PETALING JAYA: Malaysia’s newest think tank may be founded by two Umno leaders but that’s where its connection with the party ends, claims one of the two, Umno Youth vice-chief Shahril Hamdan.
He told FMT he and his co-founder, former federal minister Khairy Jamaluddin, had the goal of developing The Centre as a rigorous research organisation that would present objective views on public policy.
“We both have our party loyalties, but as far as the research work goes, we won’t be guided by any partisan aims,” he said.
Khairy announced the establishment of The Centre in an Instagram post on Wednesday.
Shahril said the former Umno Youth leader would sit on The Centre’s board of directors and would not have active roles in its day-to-day operations.

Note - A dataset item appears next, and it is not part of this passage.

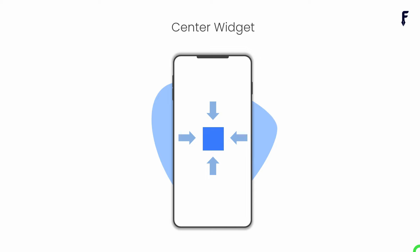Center is the widget that centers its child within itself. It means we can wrap any widget to center with respect to its parent widget.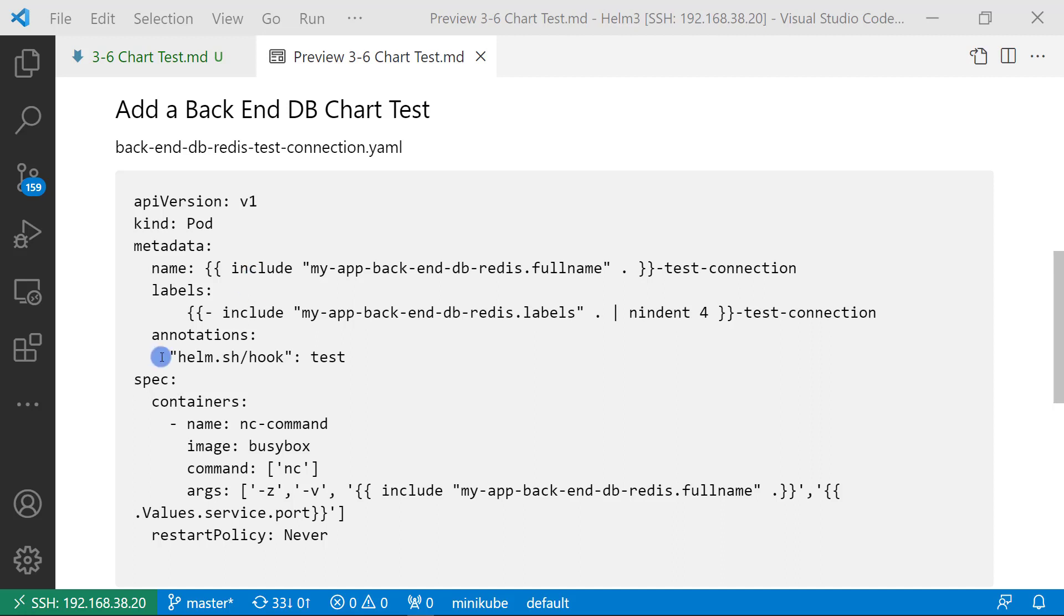The important thing is the annotation helm.sh/hook. The value is test. Helm uses this annotation to trigger the test process. In Helm version 2, the annotation is test-success or test-failure. In Helm 3, you can still use test-success, but the Helm 3 documentation suggests using test only.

They are finalising the hiring of professional researchers from various backgrounds.
“The Centre will really be driven by a professional and non-partisan team,” Shahril said. “It will be led by a Malaysian academic currently based in the University of Birmingham. She’ll return to run it.”
He said the think tank’s work would largely cover policy prescriptions for national concerns such as housing, wages and other economic and social issues.
He acknowledged the existence of a number of research houses looking at similar issues, but he said there was room for one that would provide centrist solutions to the country’s problems.
“By centrist, we don’t mean simply watering down two extremes. We’ll push the idea that solutions lie in creative suggestions to improve existing systems rather than in a complete overhaul.”
However, these centrists assumptions or hypotheses would not supersede facts found through research, he added.
“We may have a hypothesis on solving the housing crisis, but if the facts suggest our theory is incorrect, we’ll be objective in revising our conclusions.”
He said it would be this deference to facts that would make a non-issue of his and Khairy’s political affiliation.
“Party politics in Malaysia isn’t always based on facts,” he said. “Sometimes people are proud to say that facts don’t matter if you know how to play up sentiments and sensationalise. Through The Centre, maybe we, as individuals, would like to do things a little differently.
“We also want to contribute to political education by demystifying topics and without always pushing any particular position. We find a lot of discussions in the country are not based on information, but sentiment and emotion.”
Towards such education, he said, The Centre would present both sides of the argument in addressing controversies over such issues as the death penalty and the goods and services tax.
“Whatever your position may be, you will still benefit from knowing all the facts,” he said. “Having a common baseline set of facts we can all agree on is a good starting point for better discourse.”
Shahril also said The Centre would publish most of its works in Bahasa Malaysia.